◆ YOUR OBJECTIVE
Restate the listing that follows word for word, without its pictures.

◆ GIVEN MATERIAL

++++

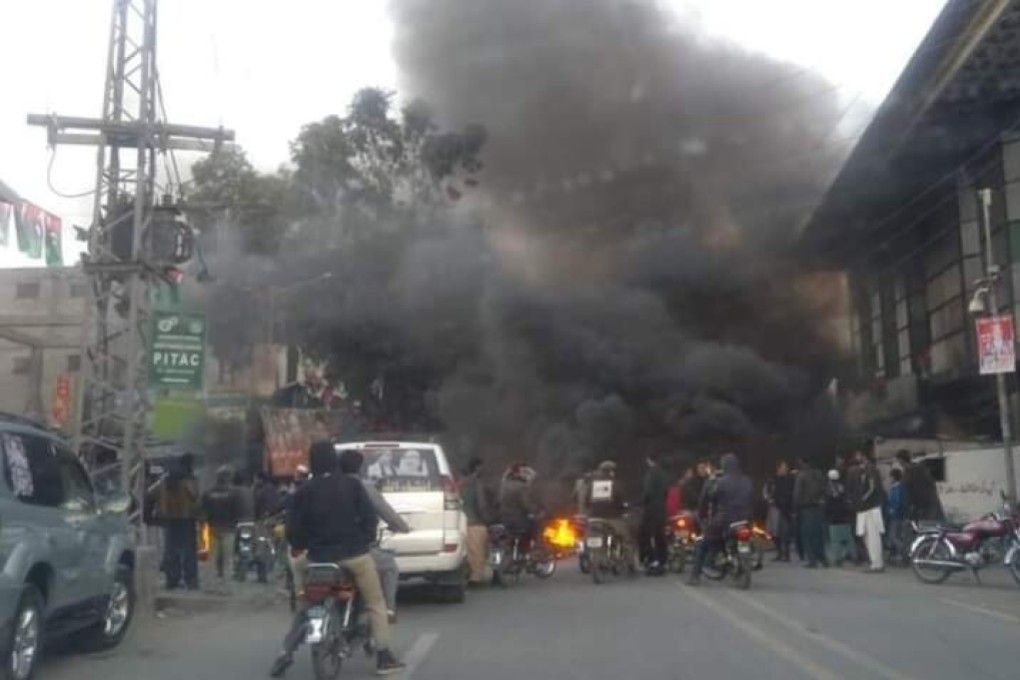 Protesters block a road with burning debris in Gilgit, capital of Pakistan’s Gilgit-Baltistan region, amid allegations of vote rigging in the recent legislative assembly elections. Photo: Tuyyab Babri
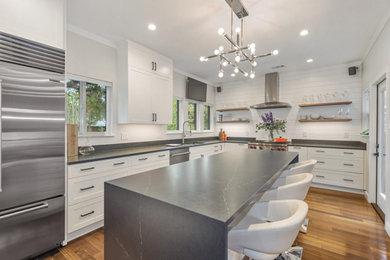 Example of a mid-sized trendy l-shaped medium tone wood floor and brown floor eat-in kitchen design in Austin with an undermount sink, shaker cabinets, white cabinets, quartz countertops, white backsplash, shiplap backsplash, stainless steel appliances, an island and gray countertops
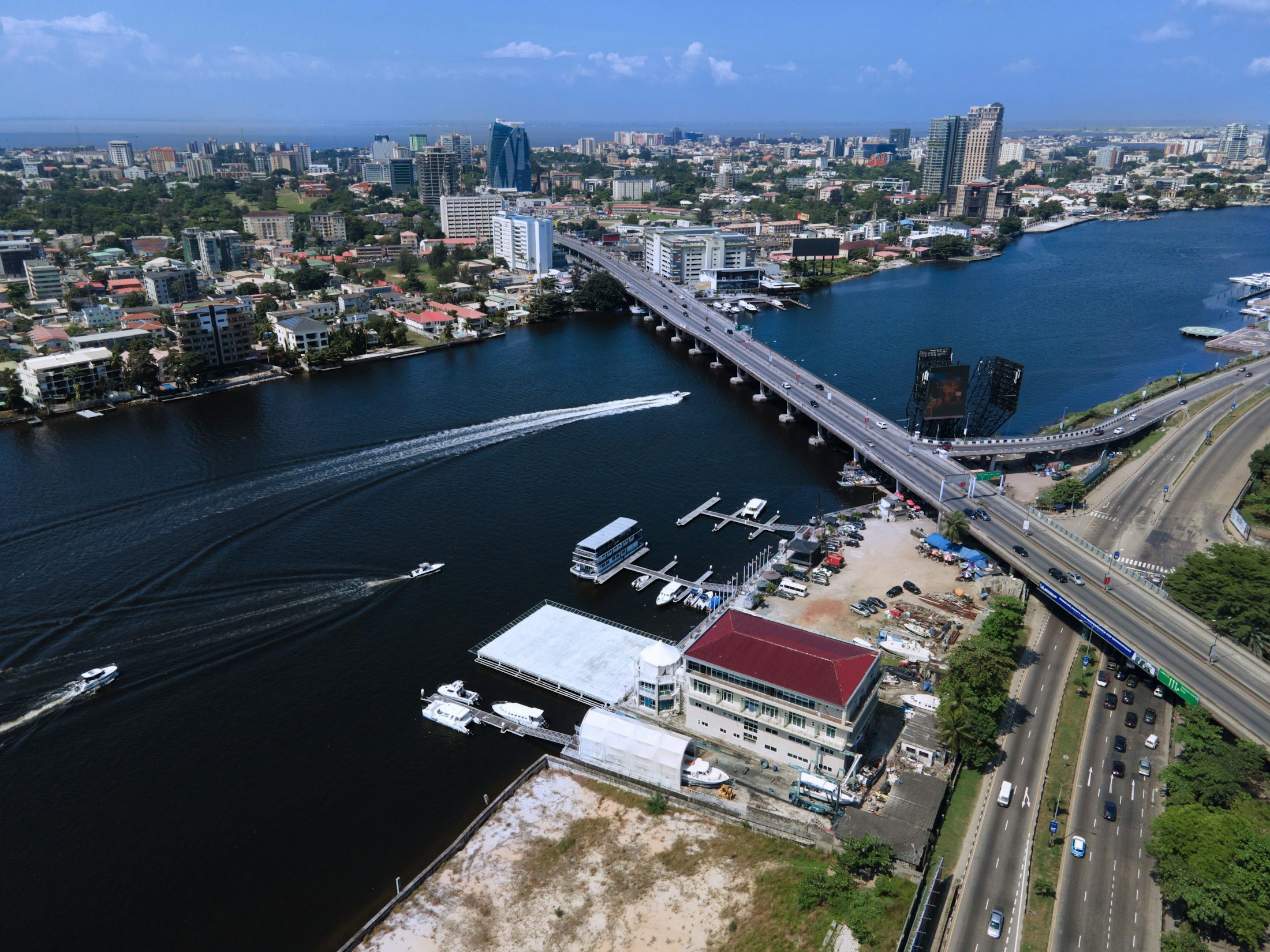 Aerial view of the Lagos lagoon, with a bridge, marina and residential neighbourhoods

++++

◆ SOLUTION
 Protesters block a road with burning debris in Gilgit, capital of Pakistan’s Gilgit-Baltistan region, amid allegations of vote rigging in the recent legislative assembly elections. Photo: Tuyyab Babri
 Example of a mid-sized trendy l-shaped medium tone wood floor and brown floor eat-in kitchen design in Austin with an undermount sink, shaker cabinets, white cabinets, quartz countertops, white backsplash, shiplap backsplash, stainless steel appliances, an island and gray countertops
 Aerial view of the Lagos lagoon, with a bridge, marina and residential neighbourhoods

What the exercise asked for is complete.